Although the mainstream media here in the United States seems to be fixated with publishing accounts of cables like one released recently where diplomats spent their time engaging in idle chit chat about Libyan president Moammar Kadafi’s reputed affair with a “voluptuous blond” Ukranian nurse, things are quite different overseas.

During the past week, there has been a major uproar in Spain over cables–specifically a “confidential” April 17, 2009 memorandum–sent out from the U.S. embassy in Madrid, showing that our government interfered with that country’s legal system to derail possible criminal prosecutions of “American political and military figures.”

According to El País, one of Spain’s largest daily newspapers, the cables show that:

Over the last several years, the Embassy of the United States in Madrid wielded powerful resources in an extraordinary effort to impede or terminate pending criminal investigations in Spain which involved American political and military figures assumed to have been involved in incidents of torture in Guantánamo, violations of the laws of war in Iraq or kidnappings in connection with the CIA’s extraordinary renditions program. The American diplomatic legation documented these activities in a number of its thousands of secret documents, both formally classified or marked as confidential, to which El País had access. The American ambassador between 2005 and 2009, Eduardo Aguirre, an appointee of the Bush Administration, personally directed most of these efforts targeting the Spanish Government or the Spanish judicial authorities, and the secret cables note that he reckoned with and secured the support of powerful figures in Spain in the process….
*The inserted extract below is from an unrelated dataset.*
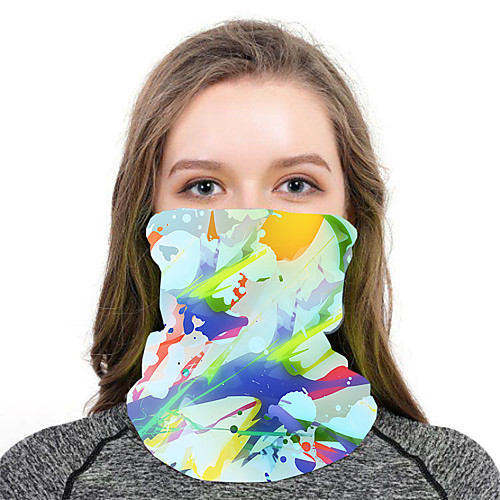 

Women's Active / Basic Rectangle Scarf / Balaclavas - Print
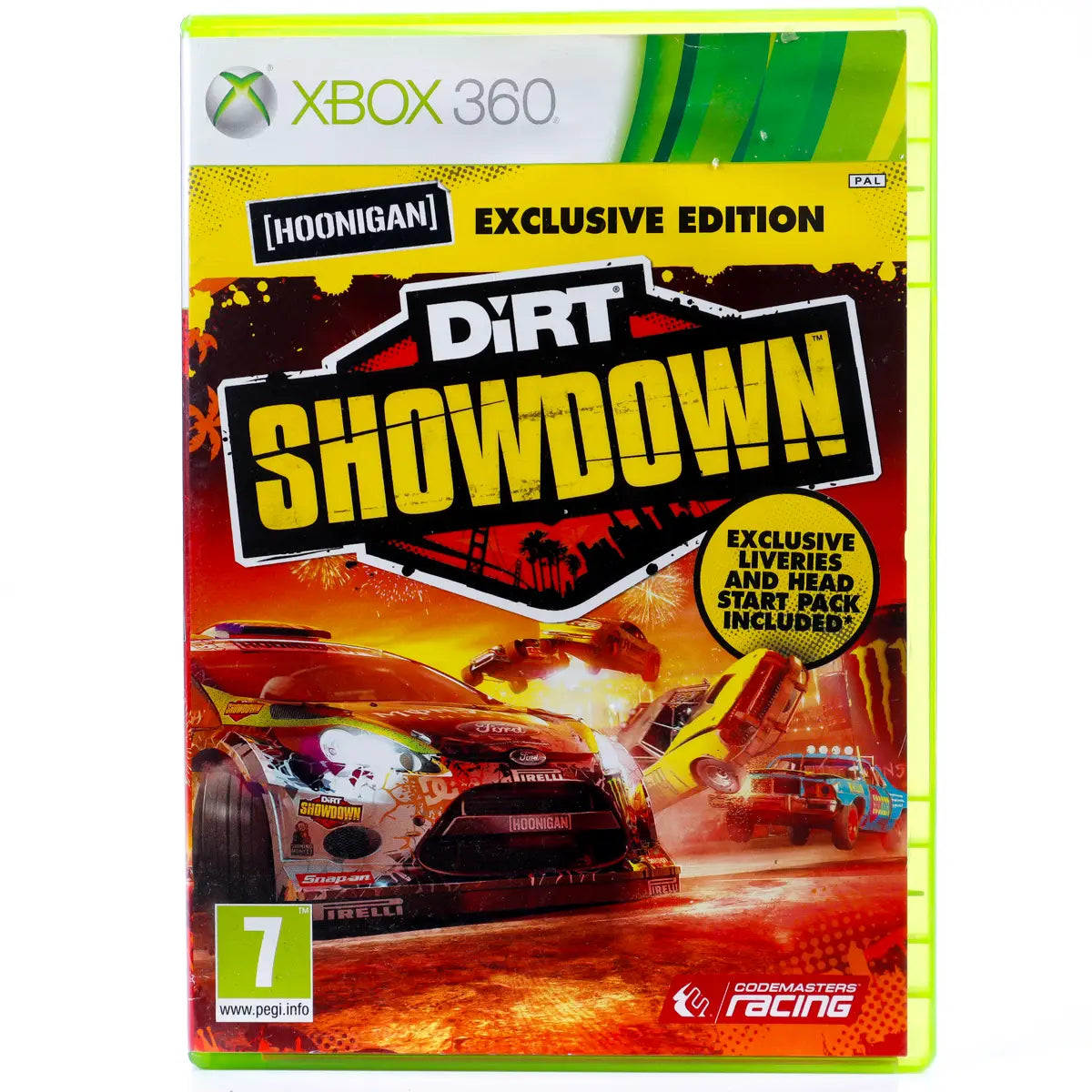 Dirt Showdown: Exclusive Edition - Xbox 360 spill - Retrospillkongen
Despite the fact this story is headline news in Spain, the mainstream media here has said nary a word about it. And why not? Is it because these shenanigans implicate the “lying, corrupt, murderous leadership” in Washington, D.C.–including the current occupant of the Oval Office, Democratic president Barack Obama?

As David Corn of Mother Jones magazine points out, this is a bipartisan affair. He writes the April 17th cable proves that during the first year of his presidency, the Obama White House worked with top Republicans to sabotage–yes, sabotage–efforts by Spain to probe six ex-Bush administration officials for alleged war crimes.

Despite the mainstream media blackout, these revelations have spread like wildfire across the internet and perhaps have done more in the past 72 hours to damage the Obama administration than anything that right-wingers like Sarah Palin or Glen Beck could ever have hoped to achieve through any of their insane rantings.

That U.S. Attorney General Eric Holder is even remotely exploring the possibility of prosecuting Assange under provisions of the Espionage Act of 1917–an antiquated relic of a previous Democratic president who was obsessed with squelching antiwar dissenters–shows how incredibly desperate the Obama White House is.

It remains to be seen what other cables will be released by WikiLeaks. But if what we’ve seen so far is merely a preview of things to come, then the outlook for Obama looks very grim. The question here, however, is that as millions of Americans now begin to see that the new boss is same as the old boss, will they be fooled again?